- Opening Delimiter -

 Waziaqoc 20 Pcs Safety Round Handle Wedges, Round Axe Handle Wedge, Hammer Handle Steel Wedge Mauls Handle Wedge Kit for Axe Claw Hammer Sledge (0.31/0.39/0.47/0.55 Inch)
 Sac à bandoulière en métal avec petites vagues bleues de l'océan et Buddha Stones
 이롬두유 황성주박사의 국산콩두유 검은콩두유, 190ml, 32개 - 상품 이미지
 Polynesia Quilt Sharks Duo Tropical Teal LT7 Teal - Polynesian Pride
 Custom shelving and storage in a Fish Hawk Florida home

- Closing Delimiter -

**Exercise requirements**
The whole of the material above should be given again exactly.

**Expected output**
 Waziaqoc 20 Pcs Safety Round Handle Wedges, Round Axe Handle Wedge, Hammer Handle Steel Wedge Mauls Handle Wedge Kit for Axe Claw Hammer Sledge (0.31/0.39/0.47/0.55 Inch)
 Sac à bandoulière en métal avec petites vagues bleues de l'océan et Buddha Stones
 이롬두유 황성주박사의 국산콩두유 검은콩두유, 190ml, 32개 - 상품 이미지
 Polynesia Quilt Sharks Duo Tropical Teal LT7 Teal - Polynesian Pride
 Custom shelving and storage in a Fish Hawk Florida home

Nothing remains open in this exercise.